**PROBLEM REQUIREMENTS:** Extract precisely the lines that run from the line containing "Экспериментальная установка. Акустический" to the end of the records below, with both ends included and pictures omitted.

**SOURCE DATA:**
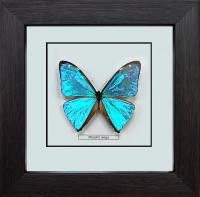 Бабочка №М2700 Morpho aega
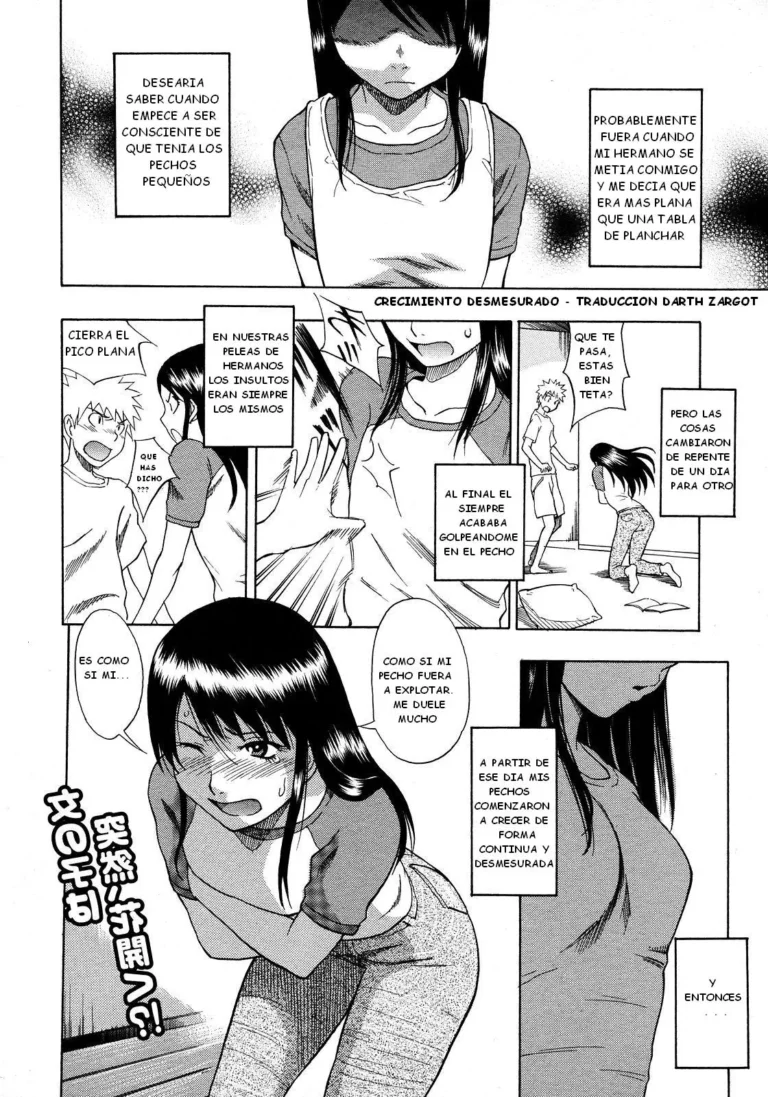 Hinyuu Kyonyuu History – Crecimiento Desmesurado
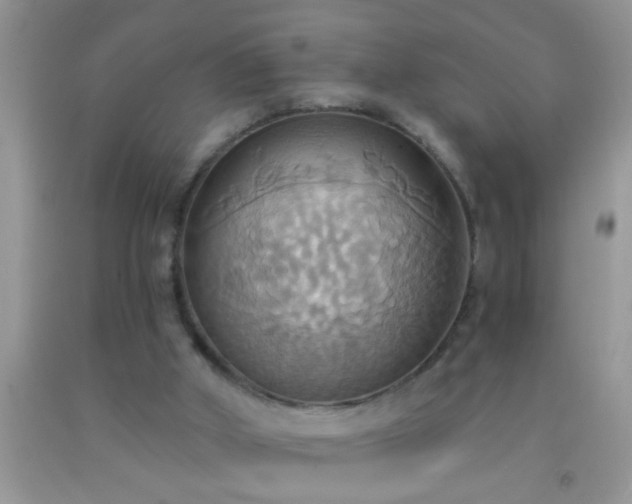 X0000092110010200709191337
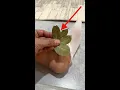 Place Bay Leaf in Your Socks Before Bed and Notice the Difference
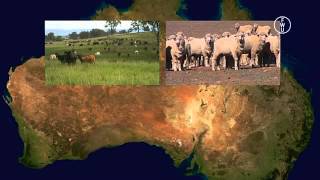 FWU  AustralienAustralia Rohstoffreichtum ohne Ende  Endless Resources  Trailer [upl. by Hershell]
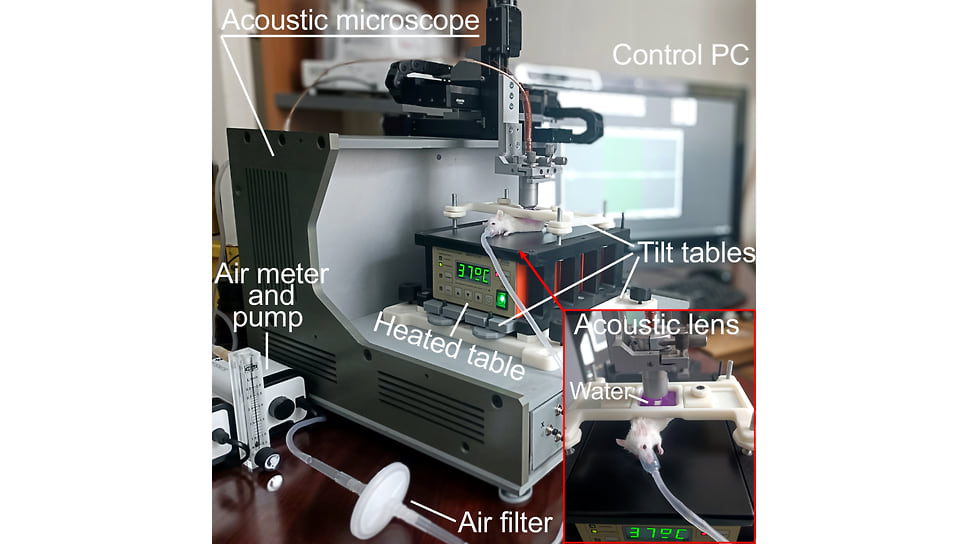 Экспериментальная установка. Акустический микроскоп для in vivo исследований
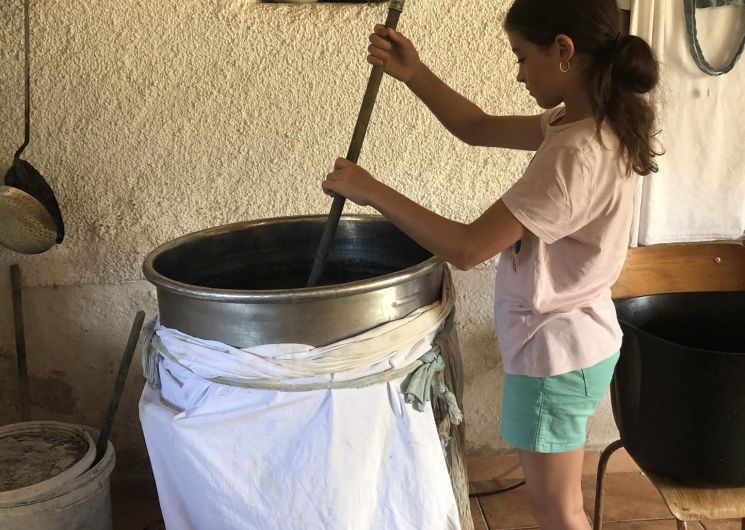 En coulisse , visitez le monde du Pastel en Pays de Cocagne_Cambounet-sur-le-Sor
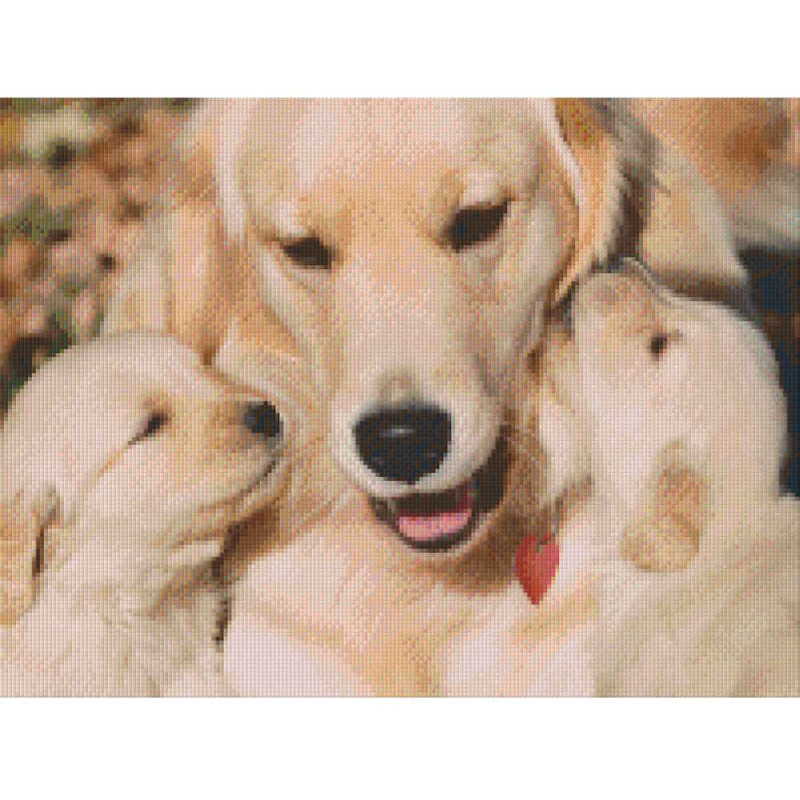 815029 Pixelhobby Klassik Set Labrador mit Welpen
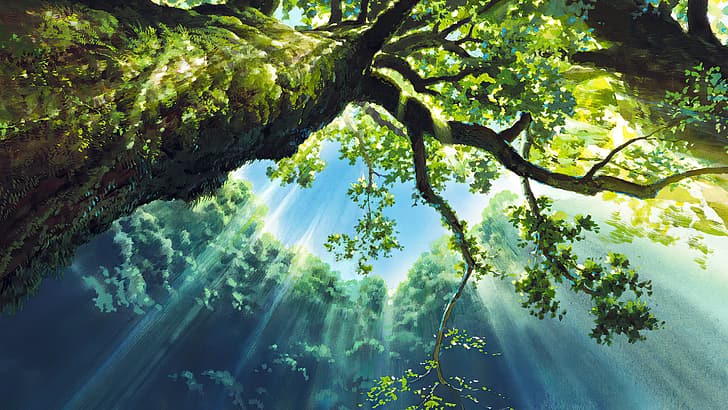 Princess Mononoke, animerade filmer, anime, animation, filmstillbilder, Studio Ghibli, Hayao Miyazaki, träd, himmel, solljus, löv, HD tapet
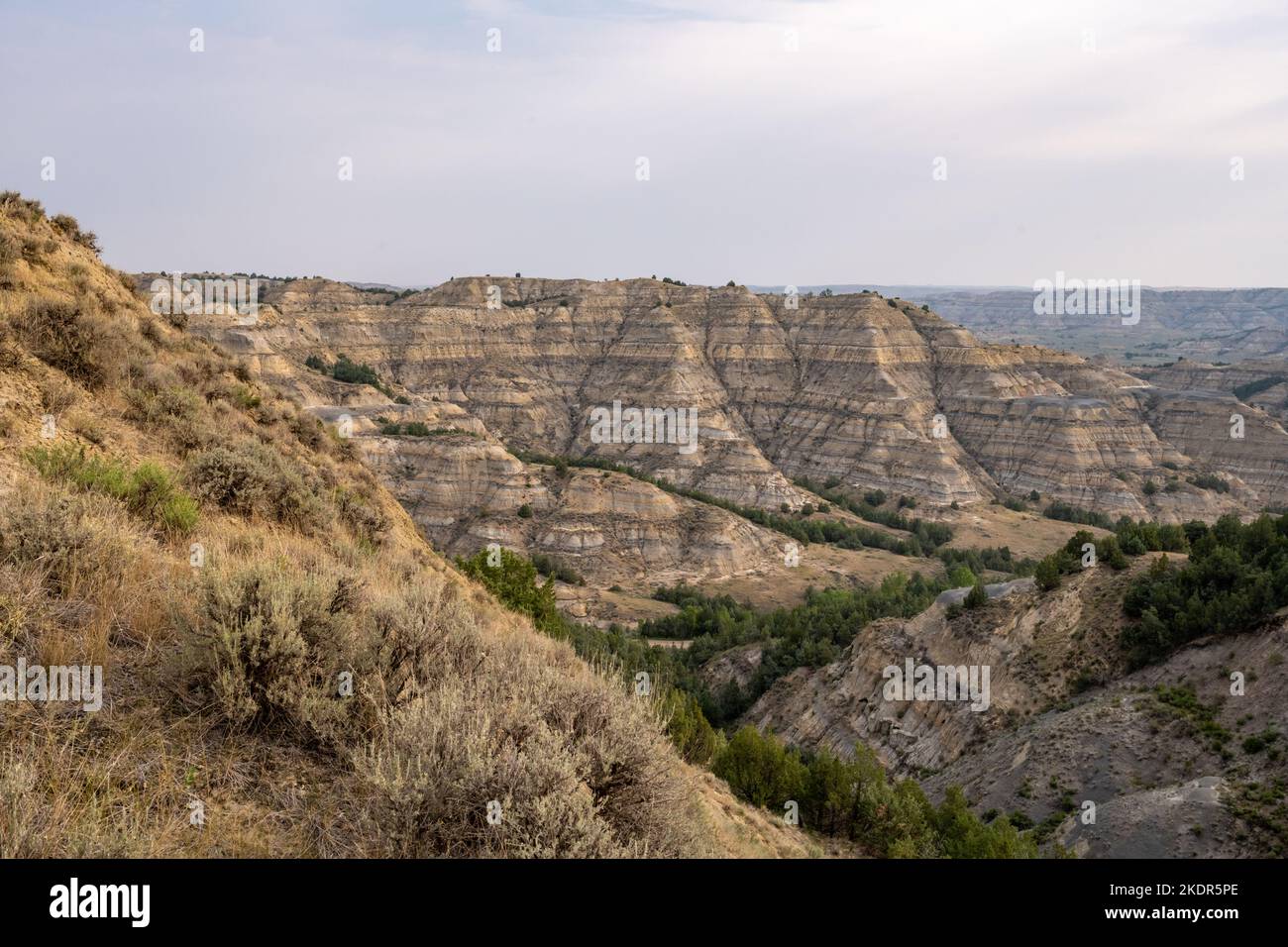 Des couches de boue et de roche séchées composent les formations des Badlands dans le parc national Theodore Roosevelt Banque D'Images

**TASK RESPONSE:**
 Экспериментальная установка. Акустический микроскоп для in vivo исследований
 En coulisse , visitez le monde du Pastel en Pays de Cocagne_Cambounet-sur-le-Sor
 815029 Pixelhobby Klassik Set Labrador mit Welpen
 Princess Mononoke, animerade filmer, anime, animation, filmstillbilder, Studio Ghibli, Hayao Miyazaki, träd, himmel, solljus, löv, HD tapet
 Des couches de boue et de roche séchées composent les formations des Badlands dans le parc national Theodore Roosevelt Banque D'Images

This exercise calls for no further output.